What you are asked to do
Reproduce word for word the line holding "Cable Management Kit (Clips + Sleeves)" and all lines after it in the data, through the end, leaving out pictures.
· · ·
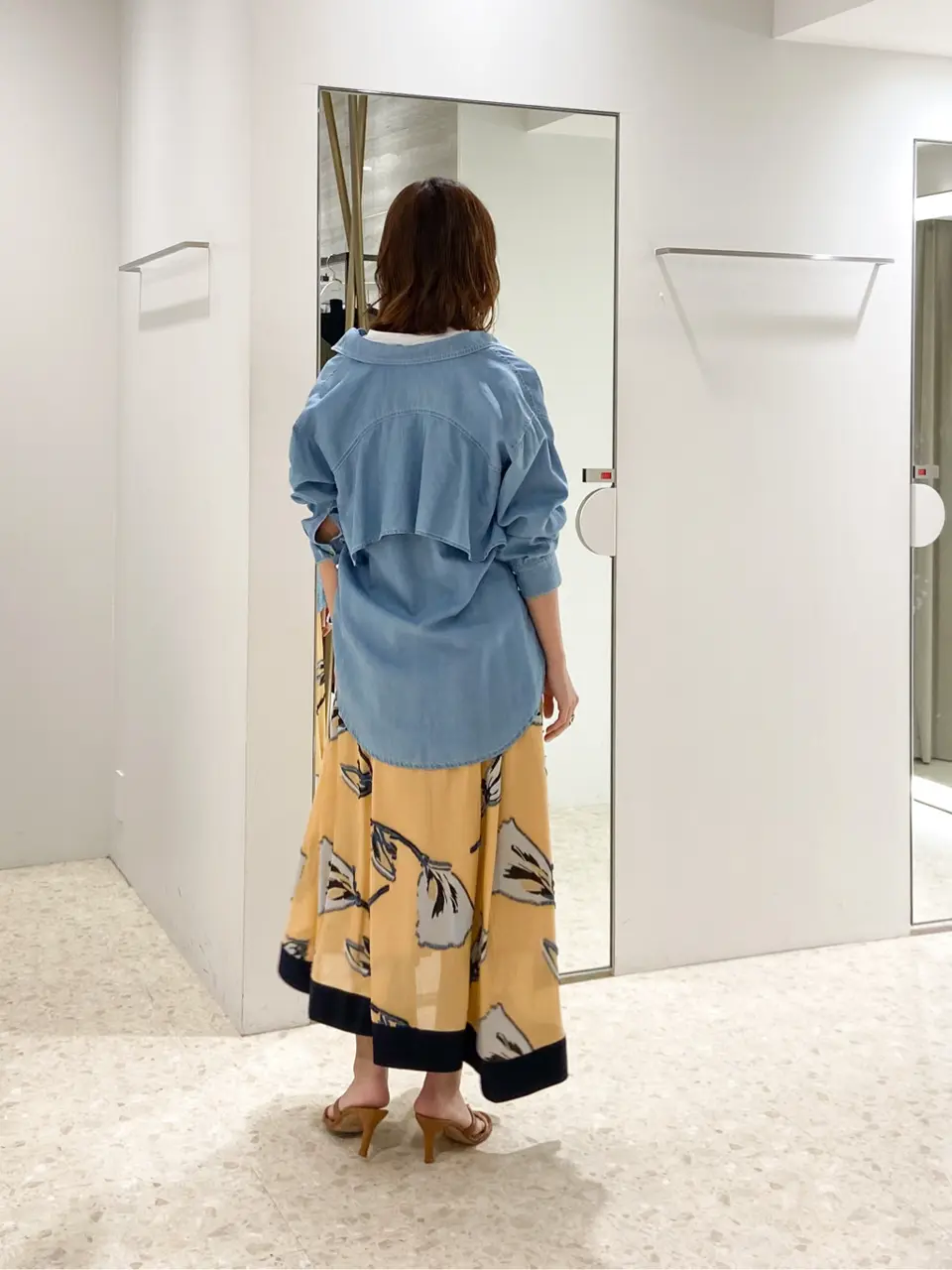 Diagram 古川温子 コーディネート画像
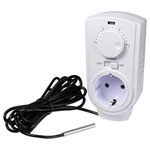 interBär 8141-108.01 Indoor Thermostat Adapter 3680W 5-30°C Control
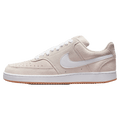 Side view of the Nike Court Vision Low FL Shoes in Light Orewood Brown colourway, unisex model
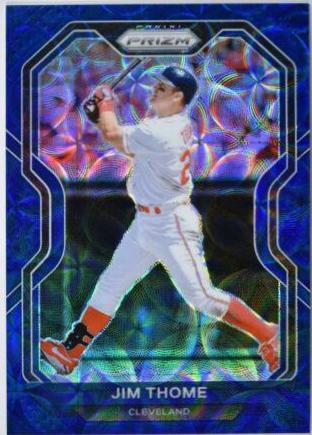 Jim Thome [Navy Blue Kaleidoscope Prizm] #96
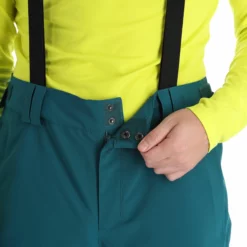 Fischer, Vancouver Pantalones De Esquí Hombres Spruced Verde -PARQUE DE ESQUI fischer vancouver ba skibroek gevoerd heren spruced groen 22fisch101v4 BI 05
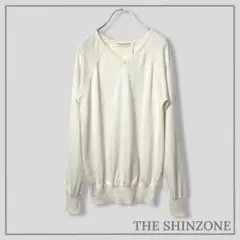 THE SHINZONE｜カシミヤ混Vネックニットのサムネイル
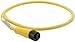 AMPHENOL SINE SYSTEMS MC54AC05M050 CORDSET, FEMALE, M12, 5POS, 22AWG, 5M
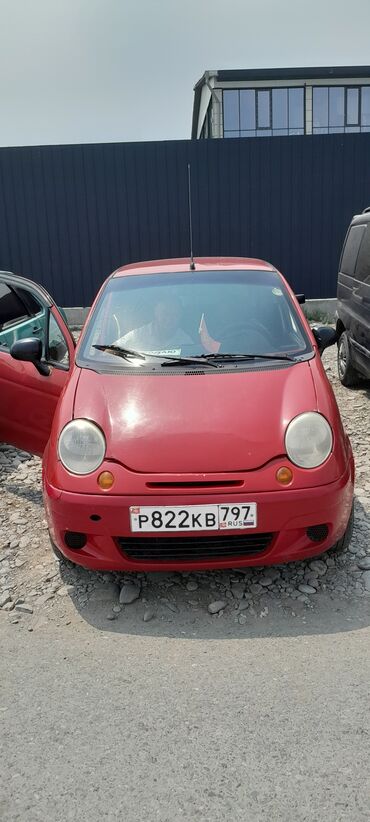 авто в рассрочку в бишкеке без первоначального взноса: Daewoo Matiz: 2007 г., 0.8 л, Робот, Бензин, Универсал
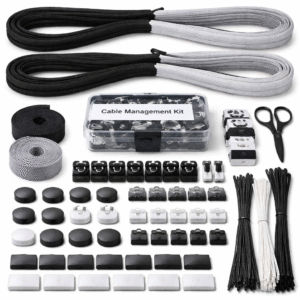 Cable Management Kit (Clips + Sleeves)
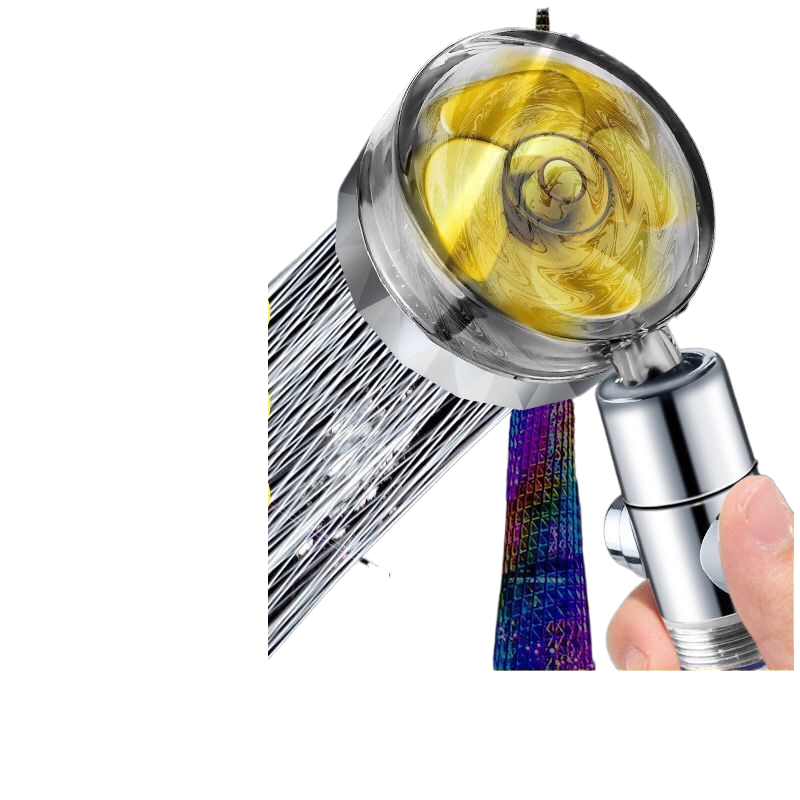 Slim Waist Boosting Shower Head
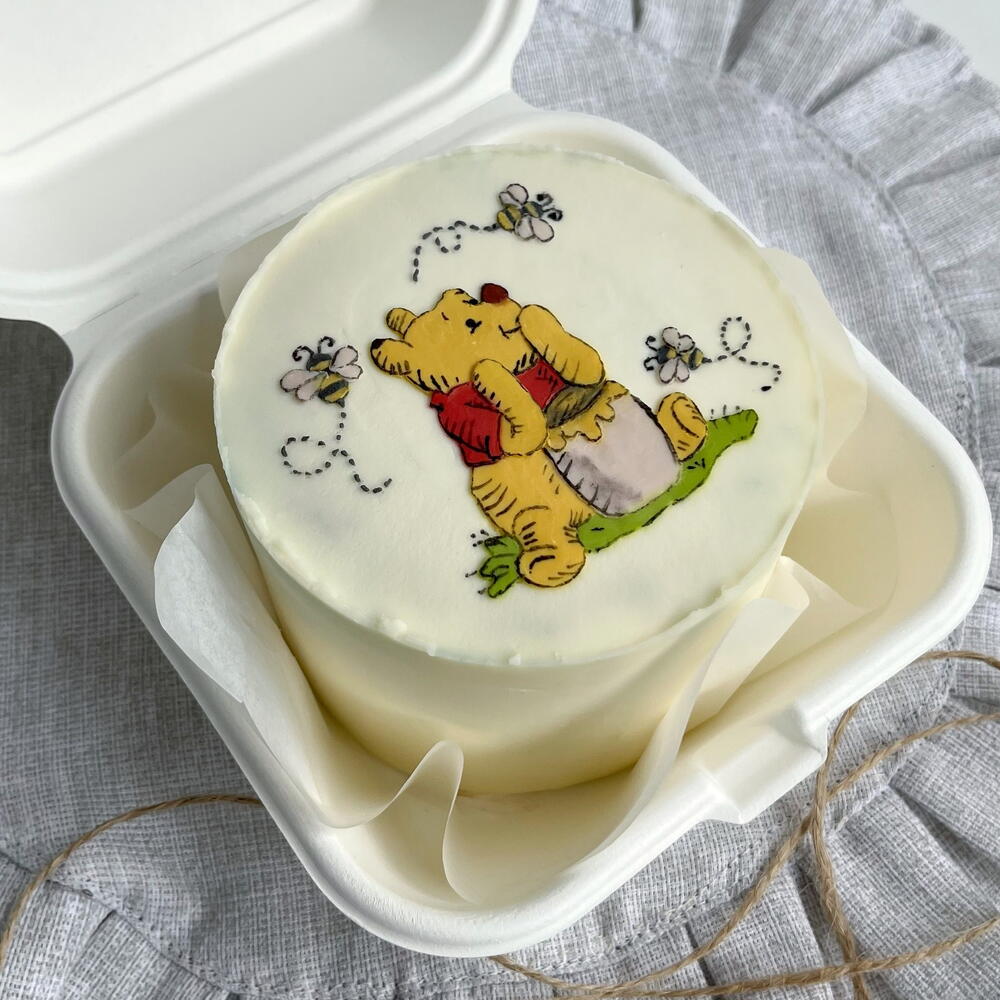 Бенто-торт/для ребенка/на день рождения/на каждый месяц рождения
· · ·
Response below
 Cable Management Kit (Clips + Sleeves)
 Slim Waist Boosting Shower Head
 Бенто-торт/для ребенка/на день рождения/на каждый месяц рождения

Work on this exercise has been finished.